[Stored data]
-=-=-=-=-
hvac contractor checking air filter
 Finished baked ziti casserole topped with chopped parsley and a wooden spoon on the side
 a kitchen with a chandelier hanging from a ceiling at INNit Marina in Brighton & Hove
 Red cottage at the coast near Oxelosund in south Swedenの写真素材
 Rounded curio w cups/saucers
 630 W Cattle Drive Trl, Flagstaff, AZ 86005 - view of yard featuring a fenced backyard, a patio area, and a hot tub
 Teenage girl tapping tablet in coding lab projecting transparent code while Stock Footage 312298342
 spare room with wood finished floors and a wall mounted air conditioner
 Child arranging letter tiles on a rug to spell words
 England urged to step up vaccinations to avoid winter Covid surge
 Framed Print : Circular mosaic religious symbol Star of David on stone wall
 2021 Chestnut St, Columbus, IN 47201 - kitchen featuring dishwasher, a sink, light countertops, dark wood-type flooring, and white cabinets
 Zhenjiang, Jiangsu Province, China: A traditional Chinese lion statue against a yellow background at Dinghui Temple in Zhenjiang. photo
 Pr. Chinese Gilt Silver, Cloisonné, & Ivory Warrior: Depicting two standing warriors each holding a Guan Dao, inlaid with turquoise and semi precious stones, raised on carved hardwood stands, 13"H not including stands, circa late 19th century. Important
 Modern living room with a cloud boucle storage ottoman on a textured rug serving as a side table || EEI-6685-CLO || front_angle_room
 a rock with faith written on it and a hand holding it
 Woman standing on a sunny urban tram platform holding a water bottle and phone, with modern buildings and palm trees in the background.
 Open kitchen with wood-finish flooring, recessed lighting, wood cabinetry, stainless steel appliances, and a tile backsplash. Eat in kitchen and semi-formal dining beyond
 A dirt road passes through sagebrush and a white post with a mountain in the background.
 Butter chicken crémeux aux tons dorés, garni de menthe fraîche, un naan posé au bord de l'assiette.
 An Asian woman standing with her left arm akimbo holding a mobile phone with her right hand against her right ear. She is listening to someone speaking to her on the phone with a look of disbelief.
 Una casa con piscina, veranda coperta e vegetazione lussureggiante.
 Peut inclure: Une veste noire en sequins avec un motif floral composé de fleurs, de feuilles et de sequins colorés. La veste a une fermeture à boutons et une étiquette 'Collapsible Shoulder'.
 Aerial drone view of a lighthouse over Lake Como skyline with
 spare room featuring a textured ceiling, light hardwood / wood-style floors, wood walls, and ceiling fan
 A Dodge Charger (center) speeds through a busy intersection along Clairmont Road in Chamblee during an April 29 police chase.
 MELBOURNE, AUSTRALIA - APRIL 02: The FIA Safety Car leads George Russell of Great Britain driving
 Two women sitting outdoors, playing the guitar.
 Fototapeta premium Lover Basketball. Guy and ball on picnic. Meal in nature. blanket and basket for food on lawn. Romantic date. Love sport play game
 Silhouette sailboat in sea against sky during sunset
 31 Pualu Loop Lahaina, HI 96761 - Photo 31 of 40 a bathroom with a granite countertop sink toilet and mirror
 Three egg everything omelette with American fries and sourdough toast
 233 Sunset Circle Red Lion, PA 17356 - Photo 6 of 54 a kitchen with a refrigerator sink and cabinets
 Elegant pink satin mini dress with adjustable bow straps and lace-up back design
-=-=-=-=-
Copy out only the lines of the records above from the one with "Child arranging letter" through the one with "Zhenjiang, Jiangsu Province, China: A", exactly as they stand, both included.

Expected answer ▸
 Child arranging letter tiles on a rug to spell words
 England urged to step up vaccinations to avoid winter Covid surge
 Framed Print : Circular mosaic religious symbol Star of David on stone wall
 2021 Chestnut St, Columbus, IN 47201 - kitchen featuring dishwasher, a sink, light countertops, dark wood-type flooring, and white cabinets
 Zhenjiang, Jiangsu Province, China: A traditional Chinese lion statue against a yellow background at Dinghui Temple in Zhenjiang. photo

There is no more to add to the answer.